Annie Proulx: Bad Dirt: Wyoming Stories 2

Annie Proulx: Bad Dirt: Wyoming Stories 2

In Elk Tooth, Wyoming, the favored setting for the quirkier short stories in Annie Proulx's disappointing anthology Bad Dirt, the population is only 80, yet there are three bars in town—Silvertip, the Pee Wee, and Muddy's Hole. Presuming the entire populace is of drinking age—not a bad assumption, considering their barren, infertile surroundings—that's roughly one bar for every couple dozen citizens, which actually seems about right. Given the lack of a social scene on these arid prairies, and the rural tragedies that seem as common as they are strange, where else is there to go but a dive like the Pee Wee, which in one story ("The Contest") sponsors a beard-growing competition? When there's nothing else going on, watching whiskers sprout may be the most entertaining pursuit available.

But in her slightest Bad Dirt stories (and there are too many), Proulx is the one who seems drunk—on colorful language, magic realism, and forced eccentricity. After the harsh majesty of Close Range: Wyoming Stories—which comes together as a wholly cohesive portrait of sad ranch-hands and cowpokes lorded over by a brutal landscape—Proulx tries to lighten things up for the sequel. But the tales play to her worst tendencies toward offbeat, inconsequential silliness. As a helpful guide through this uneven collection, readers should look at characters' names first: The wackier they are, the more disposable the story. For example, when characters named Creel Zmundzinski, Orion Horncrackle, Frank Frink, and Wiregrass Cokendall appear, it's time to move along.

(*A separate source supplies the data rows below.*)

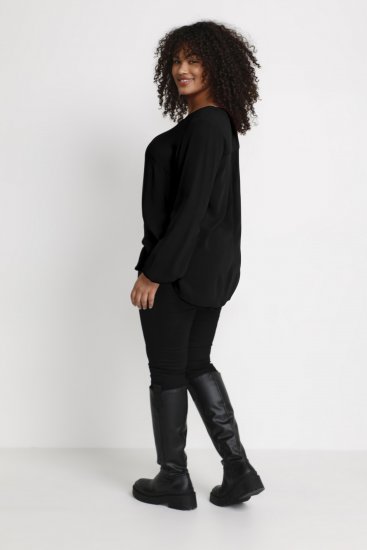 Kaffe Curve Ami Manga larga Blusa Negro intenso - Camisetas - 
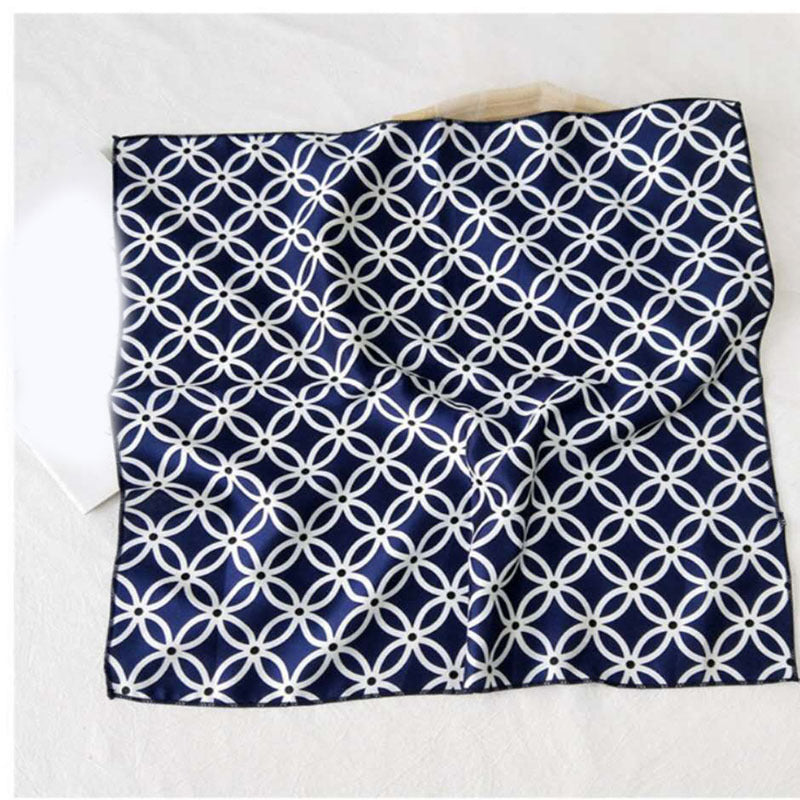 Striped Silk Square Scarf Women Neck Wrap Headband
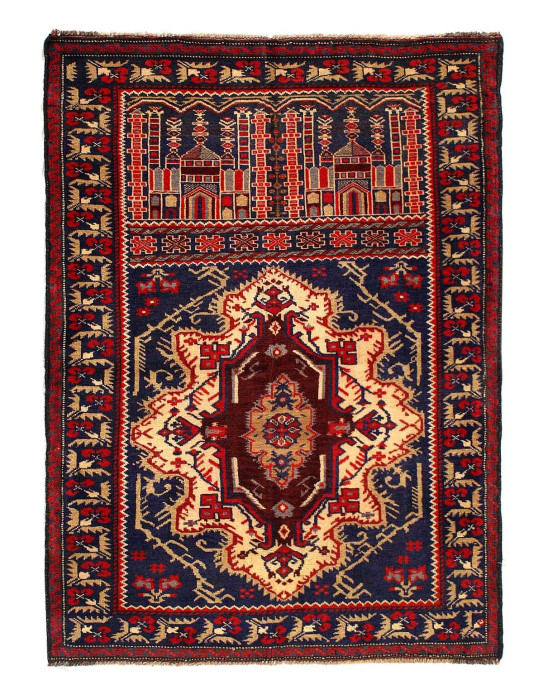 Fine Hand Knotted Balouchi Rug size 3'4'' X 4'6''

Though nothing in Bad Dirt approaches the heartbreak of Close Range's unforgettable closer, "Brokeback Mountain," the soberer stories have a gravity that's missing from the rest of the book. In "The Indian Wars Refought," about the discovery of Buffalo Bill's long-lost 1913 film on the battle at Wounded Knee, Proulx connects a piece of history with a family's roots. "Man Crawling Out Of Trees" grapples with the dilemma facing outsiders who try to forge a new life in such an inhospitable environment, and turns on a single decision that breaks an unspoken code and sends a couple back to New England. Of all Bad Dirt's stories, only "What Kind Of Furniture Would Jesus Pick?" would seem at home in Close Range, due to its hard-nosed yet sympathetic look at a rancher who fails in spite of his best efforts, and yields to a pressing desire to hit the open road.

But on too many occasions, Proulx's rascally sense of humor gets the better of her: Those who don't find the beard-growing-contest story wispy enough should try "Summer Of The Hot Tubs," in which the same half-cracked denizens of Elk Tooth are suddenly inspired to construct ill-advised homemade hot tubs for themselves, or "The Old Badger Game," a weird tall tale about three badgers (one an untenured professor) who chat with each other. Even "The Trickle Down Effect," which starts with the premise of a desperate man driving his flatbed truck cross-country for bales of hay during a horrible drought, ends in an easy punchline. In returning to the well after the triumphant Close Range, Proulx should know better than most that the arid ground only has so much to give.